Take a look at the following hypothetical scenario. A rival confronts company X with an offer to buy. As the competitor claims, the cost will be based on the most widely-used industry multiplier of 12x EBITDA. Both companies are in an increasing industry and are doing quite well.

Fortunately, the managers of Company X have recently conducted a self-assessment on the value of their company. They believe they argue convincing and defensible to value their business at 18x EBITDA and not 12.

How did they achieve this? A team of internal senior executives who covered the core disciplines of marketing, finance, product as well as manufacturing collaborated to discuss the most valuable drivers that were significant. Dispensing with drivers that didn’t apply to their software business, such as supply chain and franchiser-franchisee relationships, the team determined that areas such as intellectual property, leadership, and pricing power mattered most to their development and success.

They then rated themselves for each driver on a scale of zero to 10, with more weight given to drivers they believed to be the most significant. It was a lively candid, open and honest conversation. They made sure to evaluate themselves with thoroughness and included both drivers who excelled and the inevitable ones that had to improve. They added these scores to get 112 of 140 possible points. Although the team scored just ten value drivers, one was considered crucial and was given a triple weighting (30 points). Two were rated as extremely important and awarded two weightings (20 points), while the seven remaining received a standard rating of 10 points. We were utilizing our method, and they received a score of 80 percent (112 points multiplied by 140) — which is an impressive score that is only given to the most successful firms.

Then, they looked into the EBITDA multiples of fifteen public companies within Company X’s sector. (In this instance, the investment banker they were familiar with offered this information, although there are numerous methods to get it fast.) This enabled them to create an estimate of value, which was then adjusted slightly downward to consider the difference between private and public corporate M&A multiples. It was between 10x, and 20x EBITDA is the range in which Company X would find its worth once it had applied its score. The company’s high score places it in the upper tier in the EBITDA range, with 18x, which you can read in this table.

When Company X had been acquired at the cost its rival offered, the price would have been an attractive deal on behalf of the prospective buyer. This is because companies selling at 12x EBITDA are much less profitable.

By refusing this offer, Company X dodged a bullet. The company’s $11 million EBITDA means the company is worth around $180 million (18x EBITDA), which is more than the amount given.

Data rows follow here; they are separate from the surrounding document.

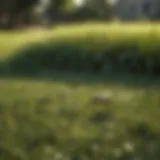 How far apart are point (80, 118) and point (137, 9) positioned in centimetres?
1608

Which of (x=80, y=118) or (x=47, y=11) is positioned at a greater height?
(x=47, y=11)

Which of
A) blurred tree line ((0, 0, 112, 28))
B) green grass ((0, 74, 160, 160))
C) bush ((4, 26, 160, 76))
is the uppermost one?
blurred tree line ((0, 0, 112, 28))

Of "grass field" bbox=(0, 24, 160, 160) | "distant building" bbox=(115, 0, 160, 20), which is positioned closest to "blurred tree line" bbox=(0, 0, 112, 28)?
"distant building" bbox=(115, 0, 160, 20)

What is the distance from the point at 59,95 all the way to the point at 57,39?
13.3 ft

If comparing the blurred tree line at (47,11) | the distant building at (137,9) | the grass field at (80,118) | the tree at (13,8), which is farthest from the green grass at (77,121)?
the blurred tree line at (47,11)

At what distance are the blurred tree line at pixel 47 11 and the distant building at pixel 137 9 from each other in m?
0.61

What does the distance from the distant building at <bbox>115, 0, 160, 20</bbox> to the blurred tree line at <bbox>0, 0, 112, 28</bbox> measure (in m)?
0.61

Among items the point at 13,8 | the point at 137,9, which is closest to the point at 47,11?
the point at 13,8

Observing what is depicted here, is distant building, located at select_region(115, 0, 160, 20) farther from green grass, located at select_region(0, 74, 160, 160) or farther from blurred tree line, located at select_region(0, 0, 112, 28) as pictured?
green grass, located at select_region(0, 74, 160, 160)

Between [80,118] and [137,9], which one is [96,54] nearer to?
[80,118]

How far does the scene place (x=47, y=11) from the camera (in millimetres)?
24312

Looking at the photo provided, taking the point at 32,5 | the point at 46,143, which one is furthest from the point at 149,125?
the point at 32,5

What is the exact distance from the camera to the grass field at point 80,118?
14.3 feet

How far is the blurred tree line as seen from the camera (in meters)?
20.0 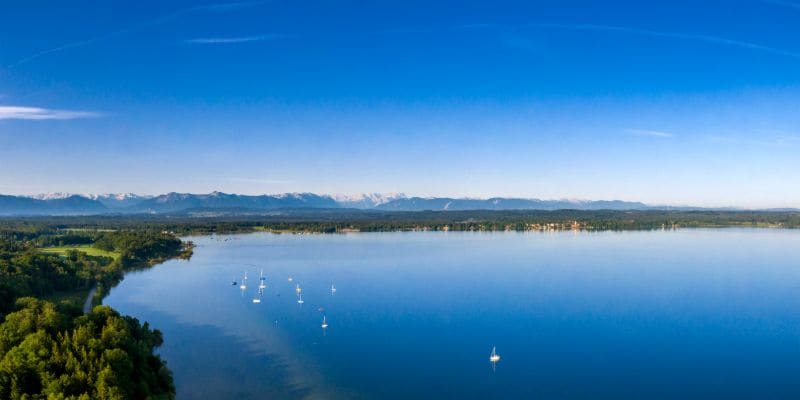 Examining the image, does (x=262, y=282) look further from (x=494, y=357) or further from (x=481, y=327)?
(x=494, y=357)

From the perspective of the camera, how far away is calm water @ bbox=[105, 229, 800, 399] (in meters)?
17.7

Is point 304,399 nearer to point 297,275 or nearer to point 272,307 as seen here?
point 272,307

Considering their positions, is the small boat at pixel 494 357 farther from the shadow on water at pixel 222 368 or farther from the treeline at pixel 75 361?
the treeline at pixel 75 361

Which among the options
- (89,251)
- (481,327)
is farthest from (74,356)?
(89,251)

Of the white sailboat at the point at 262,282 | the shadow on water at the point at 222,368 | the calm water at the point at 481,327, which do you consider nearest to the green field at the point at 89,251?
the calm water at the point at 481,327

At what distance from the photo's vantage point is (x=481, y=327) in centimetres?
2477

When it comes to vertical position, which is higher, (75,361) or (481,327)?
(75,361)

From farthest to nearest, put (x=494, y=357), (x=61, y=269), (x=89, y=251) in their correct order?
1. (x=89, y=251)
2. (x=61, y=269)
3. (x=494, y=357)

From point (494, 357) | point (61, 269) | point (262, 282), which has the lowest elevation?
point (494, 357)

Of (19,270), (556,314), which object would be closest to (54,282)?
(19,270)

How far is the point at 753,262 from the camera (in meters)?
45.5

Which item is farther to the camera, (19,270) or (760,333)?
(19,270)

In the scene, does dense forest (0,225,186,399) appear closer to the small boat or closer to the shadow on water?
the shadow on water

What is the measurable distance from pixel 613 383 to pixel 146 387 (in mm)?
13846
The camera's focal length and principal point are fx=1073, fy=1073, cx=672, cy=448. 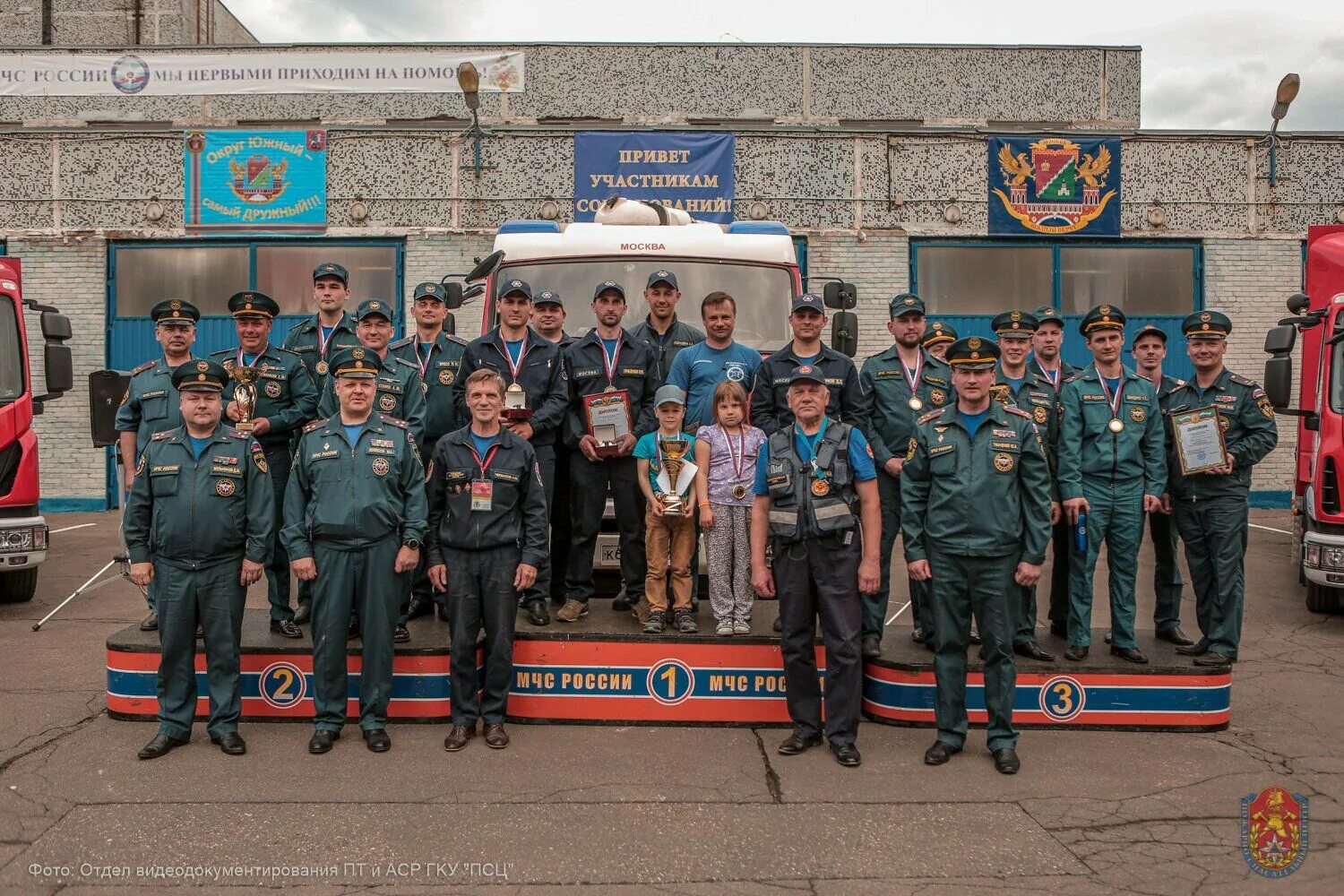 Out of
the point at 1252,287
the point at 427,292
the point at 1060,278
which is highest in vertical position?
the point at 1060,278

It’s important to remember that the scenario above provides a top-of-the-line system. Many companies do not deserve an enviable score, so we employed the term “defensible” to highlight an explanation. Any prospective buyer quickly discovers self-assessments that exaggerate with due diligence. In addition, self-deception is not in line with the concept of this exercise because you’ll never get any information you can build upon. When an objective appraisal provides an unsatisfactory value for your company, it isn’t enjoyable. But it’s an invaluable piece of information you can apply to build your company’s strength.